** Opening Given information block **
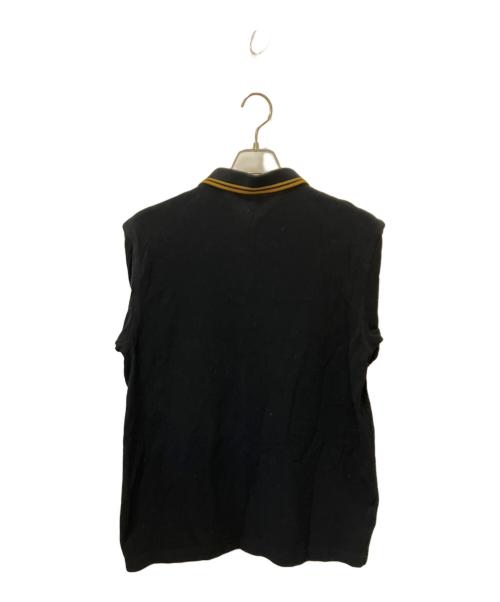 FRED PERRY（フレッドペリー）FRED PERRY (フレッドペリー) Fred Perry Shirt ブラック サイズ:Lの古着・服飾アイテム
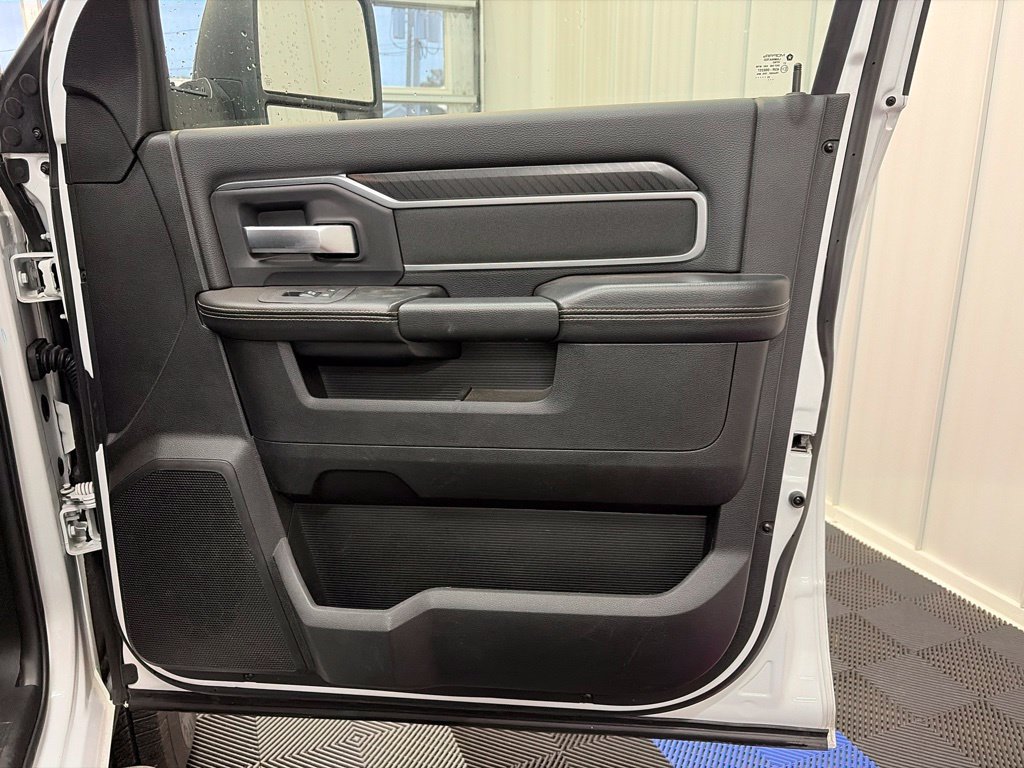 Used 2026 RAM 2500 Big Horn AWD/4WD image 20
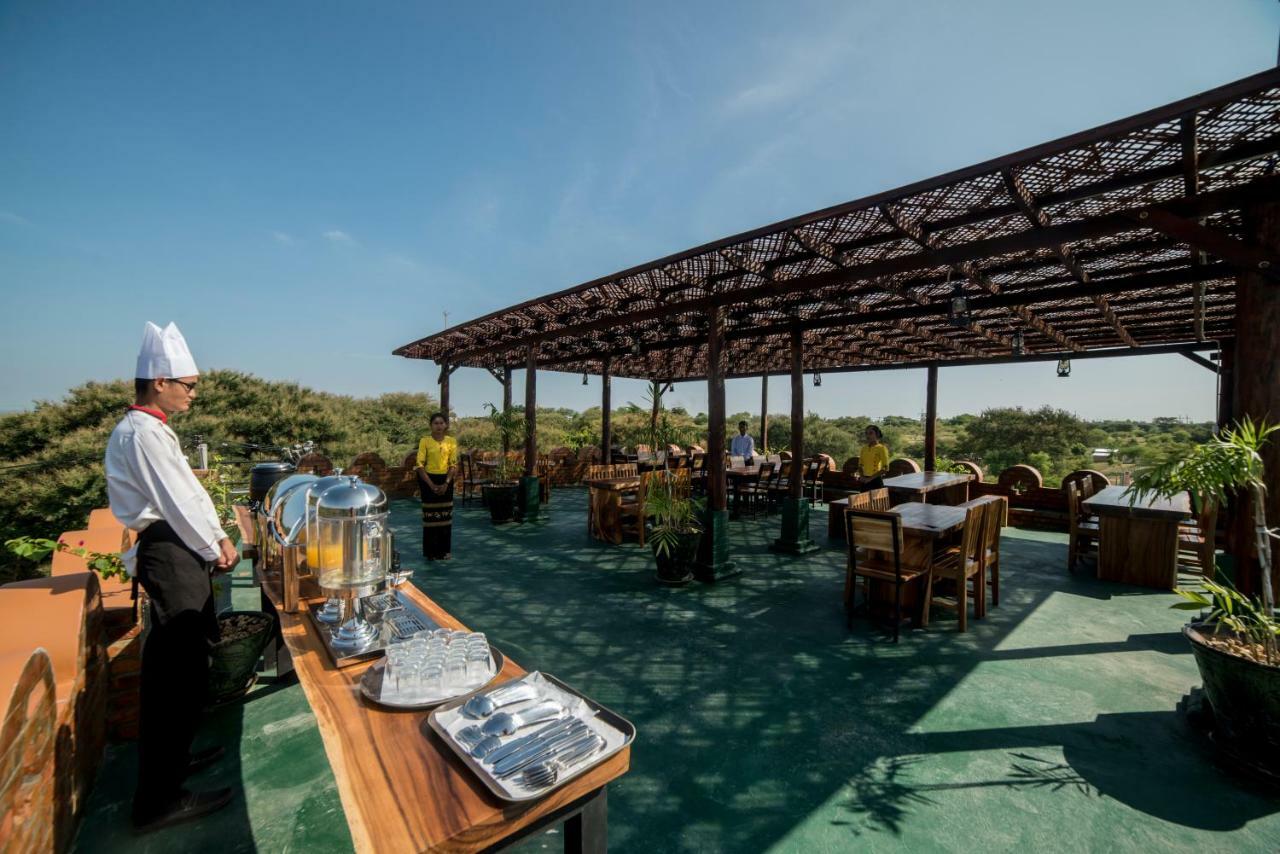 Bagan Vertex Hotel Екстериор снимка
** Closing Given information block **
# Problem to solve
The line containing "Used 2026 RAM 2500 Big Horn AWD/4WD image 20" and every line after it, through the end of the data, are to be output exactly. Omit the pictures.

# Solution for this problem
 Used 2026 RAM 2500 Big Horn AWD/4WD image 20
 Bagan Vertex Hotel Екстериор снимка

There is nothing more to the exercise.